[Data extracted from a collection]
__________________________________________________

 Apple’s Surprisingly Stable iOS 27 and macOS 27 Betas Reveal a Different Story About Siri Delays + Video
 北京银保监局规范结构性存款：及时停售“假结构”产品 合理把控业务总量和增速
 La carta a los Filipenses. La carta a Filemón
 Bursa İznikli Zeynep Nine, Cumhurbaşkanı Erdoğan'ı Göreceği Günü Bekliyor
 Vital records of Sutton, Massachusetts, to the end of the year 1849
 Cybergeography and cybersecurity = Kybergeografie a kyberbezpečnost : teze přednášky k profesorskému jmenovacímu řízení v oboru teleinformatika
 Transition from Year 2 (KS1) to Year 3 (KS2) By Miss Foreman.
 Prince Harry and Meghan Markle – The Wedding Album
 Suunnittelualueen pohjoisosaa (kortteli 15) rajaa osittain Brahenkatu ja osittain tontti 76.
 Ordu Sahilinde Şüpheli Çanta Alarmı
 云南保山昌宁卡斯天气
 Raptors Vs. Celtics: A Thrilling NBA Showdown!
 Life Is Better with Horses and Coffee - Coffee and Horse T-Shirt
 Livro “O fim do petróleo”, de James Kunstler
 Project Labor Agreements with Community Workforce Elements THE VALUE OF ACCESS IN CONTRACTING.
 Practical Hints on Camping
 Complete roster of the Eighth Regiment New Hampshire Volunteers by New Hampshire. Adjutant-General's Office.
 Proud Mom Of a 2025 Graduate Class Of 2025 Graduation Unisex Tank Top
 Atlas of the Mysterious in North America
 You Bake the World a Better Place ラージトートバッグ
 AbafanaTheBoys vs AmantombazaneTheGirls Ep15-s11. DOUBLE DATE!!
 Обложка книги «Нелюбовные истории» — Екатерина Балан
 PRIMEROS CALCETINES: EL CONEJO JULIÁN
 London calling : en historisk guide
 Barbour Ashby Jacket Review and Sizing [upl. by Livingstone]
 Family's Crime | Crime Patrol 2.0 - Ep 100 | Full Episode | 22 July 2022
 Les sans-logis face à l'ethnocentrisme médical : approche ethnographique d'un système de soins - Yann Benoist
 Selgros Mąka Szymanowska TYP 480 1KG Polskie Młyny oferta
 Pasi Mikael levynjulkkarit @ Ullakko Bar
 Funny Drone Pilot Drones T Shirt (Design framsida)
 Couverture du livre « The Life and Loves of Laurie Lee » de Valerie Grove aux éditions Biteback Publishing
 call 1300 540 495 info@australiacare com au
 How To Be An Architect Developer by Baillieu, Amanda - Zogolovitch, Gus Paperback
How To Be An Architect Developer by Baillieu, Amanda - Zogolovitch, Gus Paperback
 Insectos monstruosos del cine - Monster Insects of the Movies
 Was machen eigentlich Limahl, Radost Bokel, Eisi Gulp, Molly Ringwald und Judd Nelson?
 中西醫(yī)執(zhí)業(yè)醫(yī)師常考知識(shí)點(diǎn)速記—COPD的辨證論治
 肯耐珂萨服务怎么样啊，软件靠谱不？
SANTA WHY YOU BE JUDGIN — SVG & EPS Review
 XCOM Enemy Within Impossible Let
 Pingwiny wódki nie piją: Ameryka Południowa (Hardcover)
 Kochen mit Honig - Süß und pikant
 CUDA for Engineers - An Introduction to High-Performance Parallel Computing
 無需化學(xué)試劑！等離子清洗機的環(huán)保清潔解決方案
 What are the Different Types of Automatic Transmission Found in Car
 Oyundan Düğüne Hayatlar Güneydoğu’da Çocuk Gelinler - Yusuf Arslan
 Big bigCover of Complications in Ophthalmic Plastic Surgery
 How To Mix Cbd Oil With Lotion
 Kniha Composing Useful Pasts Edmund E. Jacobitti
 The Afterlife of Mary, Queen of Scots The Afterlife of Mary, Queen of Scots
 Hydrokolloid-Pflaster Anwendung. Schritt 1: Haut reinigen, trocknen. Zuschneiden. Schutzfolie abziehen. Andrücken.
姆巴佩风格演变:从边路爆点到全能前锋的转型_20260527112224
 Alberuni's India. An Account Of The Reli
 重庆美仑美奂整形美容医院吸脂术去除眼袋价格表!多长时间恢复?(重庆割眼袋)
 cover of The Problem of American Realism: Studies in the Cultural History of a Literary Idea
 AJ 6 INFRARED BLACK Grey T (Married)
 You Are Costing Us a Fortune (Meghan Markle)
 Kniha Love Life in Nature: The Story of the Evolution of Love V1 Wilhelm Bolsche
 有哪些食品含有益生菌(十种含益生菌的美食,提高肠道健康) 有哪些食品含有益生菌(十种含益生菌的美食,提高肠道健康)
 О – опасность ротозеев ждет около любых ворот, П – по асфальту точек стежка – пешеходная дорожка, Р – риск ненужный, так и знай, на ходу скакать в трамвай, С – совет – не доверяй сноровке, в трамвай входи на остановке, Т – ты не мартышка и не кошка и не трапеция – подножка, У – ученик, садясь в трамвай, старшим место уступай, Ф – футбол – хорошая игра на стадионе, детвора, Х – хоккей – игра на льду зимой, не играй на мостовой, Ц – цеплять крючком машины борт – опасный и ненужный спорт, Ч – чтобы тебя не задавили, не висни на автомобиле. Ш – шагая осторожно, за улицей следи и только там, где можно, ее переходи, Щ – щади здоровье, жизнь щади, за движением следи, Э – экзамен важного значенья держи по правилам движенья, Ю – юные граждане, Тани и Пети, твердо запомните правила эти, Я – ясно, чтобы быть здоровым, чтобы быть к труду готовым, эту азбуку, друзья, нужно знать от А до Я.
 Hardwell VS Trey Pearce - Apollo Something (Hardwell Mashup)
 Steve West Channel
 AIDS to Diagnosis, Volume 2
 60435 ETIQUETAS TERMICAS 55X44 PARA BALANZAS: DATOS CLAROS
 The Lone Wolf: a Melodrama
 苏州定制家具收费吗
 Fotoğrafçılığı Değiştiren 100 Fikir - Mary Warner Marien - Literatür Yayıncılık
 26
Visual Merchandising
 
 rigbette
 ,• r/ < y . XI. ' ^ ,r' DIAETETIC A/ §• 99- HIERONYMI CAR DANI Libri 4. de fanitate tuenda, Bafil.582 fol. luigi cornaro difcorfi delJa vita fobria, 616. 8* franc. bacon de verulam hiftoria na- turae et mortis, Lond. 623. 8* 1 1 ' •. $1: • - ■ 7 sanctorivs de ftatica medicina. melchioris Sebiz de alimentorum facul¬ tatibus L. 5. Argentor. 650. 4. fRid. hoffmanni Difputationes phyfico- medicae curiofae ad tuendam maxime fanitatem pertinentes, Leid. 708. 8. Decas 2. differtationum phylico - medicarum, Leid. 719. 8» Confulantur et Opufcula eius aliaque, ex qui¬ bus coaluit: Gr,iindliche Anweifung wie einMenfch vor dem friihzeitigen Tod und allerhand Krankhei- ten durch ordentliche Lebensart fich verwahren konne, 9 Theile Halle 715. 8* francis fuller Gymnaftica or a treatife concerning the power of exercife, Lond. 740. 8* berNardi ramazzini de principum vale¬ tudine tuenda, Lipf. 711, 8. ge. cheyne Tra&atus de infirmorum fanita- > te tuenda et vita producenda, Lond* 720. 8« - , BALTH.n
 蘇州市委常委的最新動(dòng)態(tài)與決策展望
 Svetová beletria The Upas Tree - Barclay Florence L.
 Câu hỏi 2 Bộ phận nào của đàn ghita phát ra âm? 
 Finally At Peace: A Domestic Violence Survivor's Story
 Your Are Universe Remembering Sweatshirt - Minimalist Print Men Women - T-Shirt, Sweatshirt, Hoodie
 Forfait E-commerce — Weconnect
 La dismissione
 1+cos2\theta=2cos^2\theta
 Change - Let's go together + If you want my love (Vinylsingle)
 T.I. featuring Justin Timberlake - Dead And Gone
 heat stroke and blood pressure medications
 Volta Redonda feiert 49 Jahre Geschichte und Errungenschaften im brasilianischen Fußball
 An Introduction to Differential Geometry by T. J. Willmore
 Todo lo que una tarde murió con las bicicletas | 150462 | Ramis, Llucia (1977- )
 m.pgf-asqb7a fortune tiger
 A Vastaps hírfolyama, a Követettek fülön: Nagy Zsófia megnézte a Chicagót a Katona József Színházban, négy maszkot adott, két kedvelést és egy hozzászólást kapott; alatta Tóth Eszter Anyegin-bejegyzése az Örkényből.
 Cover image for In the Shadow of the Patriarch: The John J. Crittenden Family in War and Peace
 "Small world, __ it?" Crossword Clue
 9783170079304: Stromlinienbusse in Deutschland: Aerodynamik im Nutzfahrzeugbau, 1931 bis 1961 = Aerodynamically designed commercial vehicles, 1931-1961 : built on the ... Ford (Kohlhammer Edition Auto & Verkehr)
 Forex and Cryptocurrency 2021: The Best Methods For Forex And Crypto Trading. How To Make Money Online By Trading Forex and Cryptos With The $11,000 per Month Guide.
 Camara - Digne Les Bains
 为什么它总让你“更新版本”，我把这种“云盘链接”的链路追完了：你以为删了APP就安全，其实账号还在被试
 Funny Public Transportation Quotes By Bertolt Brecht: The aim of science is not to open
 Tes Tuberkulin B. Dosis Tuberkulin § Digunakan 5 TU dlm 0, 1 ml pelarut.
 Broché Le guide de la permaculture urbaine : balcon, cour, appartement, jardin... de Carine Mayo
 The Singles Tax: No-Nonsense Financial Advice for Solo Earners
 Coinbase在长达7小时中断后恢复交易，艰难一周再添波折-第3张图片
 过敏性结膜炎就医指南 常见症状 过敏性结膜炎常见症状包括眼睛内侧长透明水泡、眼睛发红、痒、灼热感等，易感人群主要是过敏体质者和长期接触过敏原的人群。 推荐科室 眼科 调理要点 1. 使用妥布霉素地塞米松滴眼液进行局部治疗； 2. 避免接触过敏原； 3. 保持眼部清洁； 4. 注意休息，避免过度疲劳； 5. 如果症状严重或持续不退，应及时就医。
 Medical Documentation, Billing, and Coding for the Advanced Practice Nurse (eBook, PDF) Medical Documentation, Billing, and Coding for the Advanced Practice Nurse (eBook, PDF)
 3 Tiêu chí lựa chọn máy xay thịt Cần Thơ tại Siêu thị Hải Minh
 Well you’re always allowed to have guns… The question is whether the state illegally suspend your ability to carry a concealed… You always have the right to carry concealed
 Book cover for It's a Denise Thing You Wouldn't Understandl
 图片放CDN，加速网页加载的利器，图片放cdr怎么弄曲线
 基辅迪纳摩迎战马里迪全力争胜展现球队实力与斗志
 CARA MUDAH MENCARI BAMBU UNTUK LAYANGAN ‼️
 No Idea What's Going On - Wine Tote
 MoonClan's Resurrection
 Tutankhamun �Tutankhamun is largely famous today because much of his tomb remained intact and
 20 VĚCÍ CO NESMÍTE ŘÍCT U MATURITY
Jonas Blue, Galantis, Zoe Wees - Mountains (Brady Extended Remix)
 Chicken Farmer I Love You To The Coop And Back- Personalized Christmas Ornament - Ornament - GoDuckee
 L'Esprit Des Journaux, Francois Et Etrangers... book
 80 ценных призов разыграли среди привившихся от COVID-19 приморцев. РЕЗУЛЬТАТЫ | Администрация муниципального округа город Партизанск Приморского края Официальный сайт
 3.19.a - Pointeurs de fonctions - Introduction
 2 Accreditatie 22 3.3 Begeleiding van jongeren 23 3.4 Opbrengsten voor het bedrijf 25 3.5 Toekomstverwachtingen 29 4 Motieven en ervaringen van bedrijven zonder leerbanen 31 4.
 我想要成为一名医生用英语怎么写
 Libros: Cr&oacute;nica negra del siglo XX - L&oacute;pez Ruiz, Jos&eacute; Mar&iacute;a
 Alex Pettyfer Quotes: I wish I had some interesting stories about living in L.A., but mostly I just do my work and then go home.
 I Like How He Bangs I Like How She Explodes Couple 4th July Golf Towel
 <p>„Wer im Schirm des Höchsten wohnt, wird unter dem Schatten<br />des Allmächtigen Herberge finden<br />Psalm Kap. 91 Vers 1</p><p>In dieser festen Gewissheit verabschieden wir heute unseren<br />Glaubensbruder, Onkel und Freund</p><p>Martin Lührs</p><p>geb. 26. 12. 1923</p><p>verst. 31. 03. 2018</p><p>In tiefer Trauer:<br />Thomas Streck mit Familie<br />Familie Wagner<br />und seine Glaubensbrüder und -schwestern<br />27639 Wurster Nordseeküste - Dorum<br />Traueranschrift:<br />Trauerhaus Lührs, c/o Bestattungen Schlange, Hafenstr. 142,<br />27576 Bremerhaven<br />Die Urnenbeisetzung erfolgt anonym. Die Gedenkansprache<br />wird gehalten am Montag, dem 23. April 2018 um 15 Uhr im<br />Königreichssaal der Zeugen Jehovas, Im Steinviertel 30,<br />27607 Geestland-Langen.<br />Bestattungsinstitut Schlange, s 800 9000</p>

__________________________________________________

▶ WHAT YOU ARE ASKED TO DO:
Please reproduce the lines from the line with "Forfait E-commerce — Weconnect" to the line with "An Introduction to Differential", both ends included, exactly as they appear above.

▶ COMPLETED EXERCISE:
 Forfait E-commerce — Weconnect
 La dismissione
 1+cos2\theta=2cos^2\theta
 Change - Let's go together + If you want my love (Vinylsingle)
 T.I. featuring Justin Timberlake - Dead And Gone
 heat stroke and blood pressure medications
 Volta Redonda feiert 49 Jahre Geschichte und Errungenschaften im brasilianischen Fußball
 An Introduction to Differential Geometry by T. J. Willmore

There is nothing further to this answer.